The Prince of Mathematics
- Author: M. B. W. Tent
- Language: English
- Subject: Life of Carl Friedrich Gauss
- Publisher: A. K. Peters
- Publication date: 2006
- Pages: 264
- ISBN: 9781568814551

= The Prince of Mathematics: Carl Friedrich Gauss =

2006 semifictional book by M. B. W. Tent

The Prince of Mathematics: Carl Friedrich Gauss is a 2006 semifictional book by M. B. W. Tent, covering the life of Carl Friedrich Gauss.

== Summary ==
Tent's book covers Gauss's childhood, education, and adult life. In particular, it covers much of Gauss's childhood, including the main character learning to count at age 3, him figuring out the sum of the numbers from 1 to 100, his tutoring, and his discovery of the prime number theorem at age 15. The book also covers certain aspects of Gauss's later life, including his accomplishments in astronomy and surveying and his two marriages.

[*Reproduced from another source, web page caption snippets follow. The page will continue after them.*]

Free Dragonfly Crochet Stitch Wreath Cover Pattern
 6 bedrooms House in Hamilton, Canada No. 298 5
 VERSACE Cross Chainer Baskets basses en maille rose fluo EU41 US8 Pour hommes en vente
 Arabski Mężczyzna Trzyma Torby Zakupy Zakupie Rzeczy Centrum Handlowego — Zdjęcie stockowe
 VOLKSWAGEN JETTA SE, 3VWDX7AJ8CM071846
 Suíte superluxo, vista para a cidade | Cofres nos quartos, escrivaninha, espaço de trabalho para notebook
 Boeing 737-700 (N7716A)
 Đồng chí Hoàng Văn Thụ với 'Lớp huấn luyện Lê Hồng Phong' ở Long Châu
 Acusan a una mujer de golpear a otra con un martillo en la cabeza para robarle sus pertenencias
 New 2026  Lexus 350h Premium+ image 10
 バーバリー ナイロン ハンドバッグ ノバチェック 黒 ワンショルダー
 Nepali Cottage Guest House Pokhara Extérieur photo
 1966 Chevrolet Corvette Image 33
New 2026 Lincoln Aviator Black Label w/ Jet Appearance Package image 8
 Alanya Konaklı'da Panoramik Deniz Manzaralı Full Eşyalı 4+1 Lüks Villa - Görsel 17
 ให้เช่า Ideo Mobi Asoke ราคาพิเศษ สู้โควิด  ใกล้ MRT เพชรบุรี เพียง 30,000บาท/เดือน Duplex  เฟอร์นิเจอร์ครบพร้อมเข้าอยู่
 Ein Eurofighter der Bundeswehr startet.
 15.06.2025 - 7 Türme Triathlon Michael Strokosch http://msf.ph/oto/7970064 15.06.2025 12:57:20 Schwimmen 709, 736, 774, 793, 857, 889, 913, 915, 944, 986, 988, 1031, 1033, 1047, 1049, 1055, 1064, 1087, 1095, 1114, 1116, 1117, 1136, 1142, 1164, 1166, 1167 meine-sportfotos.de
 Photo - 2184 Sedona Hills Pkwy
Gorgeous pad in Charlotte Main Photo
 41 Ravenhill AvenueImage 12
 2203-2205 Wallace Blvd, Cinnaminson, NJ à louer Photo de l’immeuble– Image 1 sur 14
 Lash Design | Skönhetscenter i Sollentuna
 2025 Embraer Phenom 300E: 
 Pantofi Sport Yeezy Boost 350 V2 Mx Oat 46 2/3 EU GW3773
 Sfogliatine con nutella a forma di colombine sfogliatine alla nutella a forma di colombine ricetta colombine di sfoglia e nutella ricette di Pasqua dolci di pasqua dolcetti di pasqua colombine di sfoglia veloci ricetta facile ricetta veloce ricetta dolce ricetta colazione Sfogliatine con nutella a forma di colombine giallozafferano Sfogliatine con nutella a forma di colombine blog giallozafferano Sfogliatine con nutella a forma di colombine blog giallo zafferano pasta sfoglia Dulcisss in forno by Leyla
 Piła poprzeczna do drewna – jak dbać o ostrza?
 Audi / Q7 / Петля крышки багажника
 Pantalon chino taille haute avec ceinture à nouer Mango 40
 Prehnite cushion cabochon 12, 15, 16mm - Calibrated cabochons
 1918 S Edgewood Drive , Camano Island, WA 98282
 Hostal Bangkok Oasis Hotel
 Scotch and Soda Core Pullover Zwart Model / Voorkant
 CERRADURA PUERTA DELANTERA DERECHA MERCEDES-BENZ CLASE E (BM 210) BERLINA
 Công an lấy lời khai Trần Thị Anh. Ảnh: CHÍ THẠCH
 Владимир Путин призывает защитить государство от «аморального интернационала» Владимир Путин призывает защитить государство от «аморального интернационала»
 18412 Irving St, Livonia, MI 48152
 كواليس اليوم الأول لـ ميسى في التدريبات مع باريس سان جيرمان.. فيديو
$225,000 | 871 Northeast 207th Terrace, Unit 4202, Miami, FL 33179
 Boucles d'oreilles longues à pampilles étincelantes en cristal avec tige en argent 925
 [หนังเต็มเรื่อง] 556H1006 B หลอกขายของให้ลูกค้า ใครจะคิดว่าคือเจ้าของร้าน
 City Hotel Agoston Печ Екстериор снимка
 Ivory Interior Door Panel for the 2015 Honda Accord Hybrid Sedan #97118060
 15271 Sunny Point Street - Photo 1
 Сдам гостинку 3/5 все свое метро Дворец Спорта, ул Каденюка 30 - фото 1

The book also includes several illustrations, including one of Gauss's notebook.

== Reception ==
Lisa DeKeukelaere, an alumna of Colby College, called the book "easily readable". However, DeKeukelaere noted that younger readers might not like the author's attempt to explain the math, but she also noted that older readers might not like the book's vocabulary or the "tedious, inconsequential conversations" that Tent had added. Linda Y. Shuey, of Western Albemarle High School, called the book "inspirational as well as informative" and recommended it to students from fourth grade onwards. Ross Andrew Gagliano, writing for Ubiquity magazine (a publication of the Association for Computing Machinery), called it "smallish yet thoroughly delightful" and "intended for all ages".